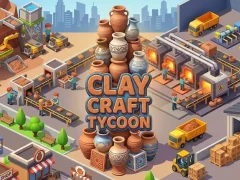 Jwèt Clay Craft Tycoon sou entènèt
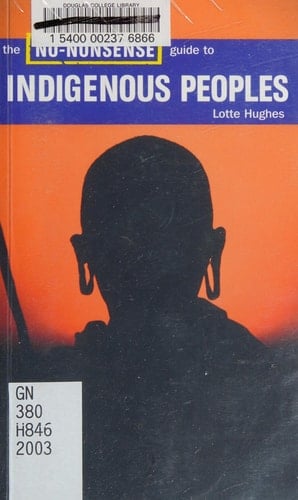 The No-nonsense Guide to Indigenous Peoples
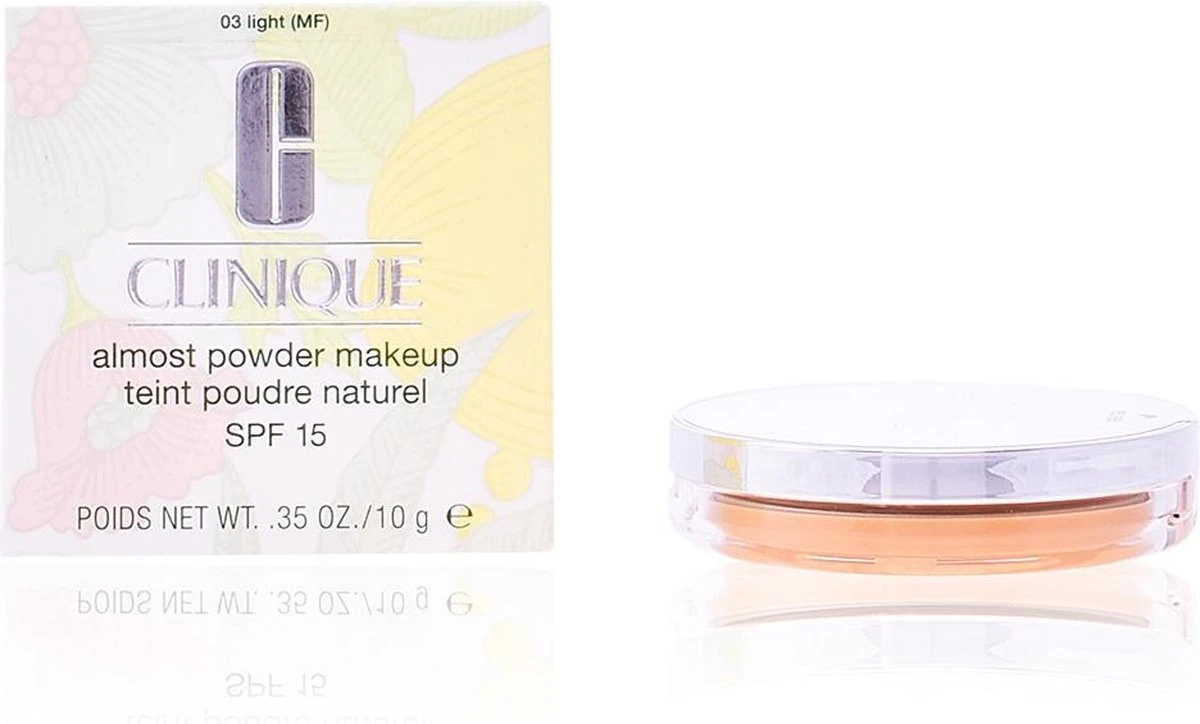 Clinique Almost Powder SPF 15 - Fair - Make-uppoeder 15 Clinique Almost Powder SPF 15 - Fair - Make-uppoeder - Image 13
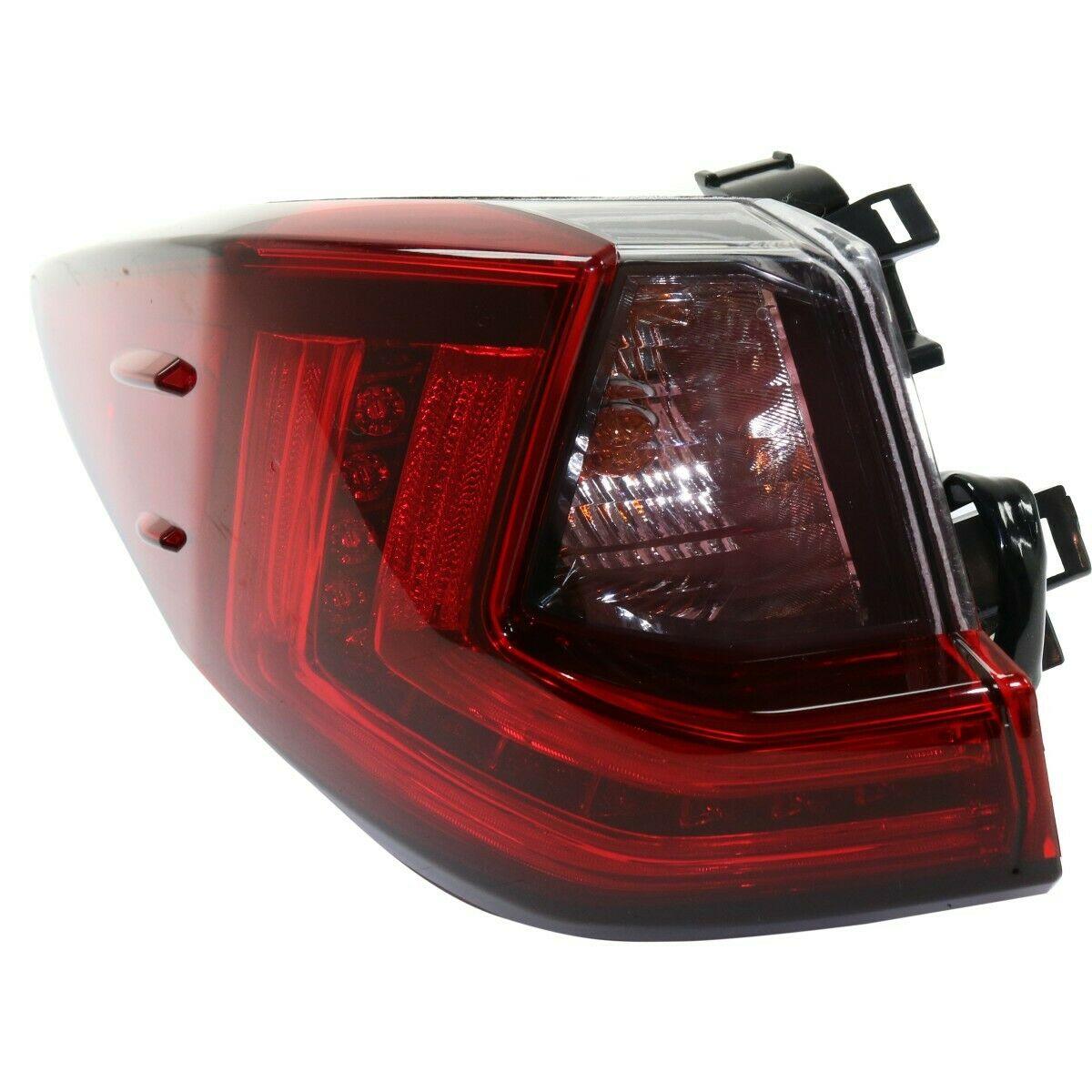 2016-2022 Lexus RX450H Tail Lamp Driver Side Without Led Signal , LX2804133. Lightweight yet durable construction.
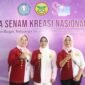 Ketua TP PKK Provinsi Banten menghadiri Pembukaan Lomba Senam Kreasi Nasional 2026 di GOR Soemantri Brodjonegoro, Jakarta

> [TASK DESCRIPTION]
Minus its pictures, the full listing should be copied verbatim.

> [SOLUTION TO THE PROBLEM]
 Jwèt Clay Craft Tycoon sou entènèt
 The No-nonsense Guide to Indigenous Peoples
 Clinique Almost Powder SPF 15 - Fair - Make-uppoeder 15 Clinique Almost Powder SPF 15 - Fair - Make-uppoeder - Image 13
 2016-2022 Lexus RX450H Tail Lamp Driver Side Without Led Signal , LX2804133. Lightweight yet durable construction.
 Ketua TP PKK Provinsi Banten menghadiri Pembukaan Lomba Senam Kreasi Nasional 2026 di GOR Soemantri Brodjonegoro, Jakarta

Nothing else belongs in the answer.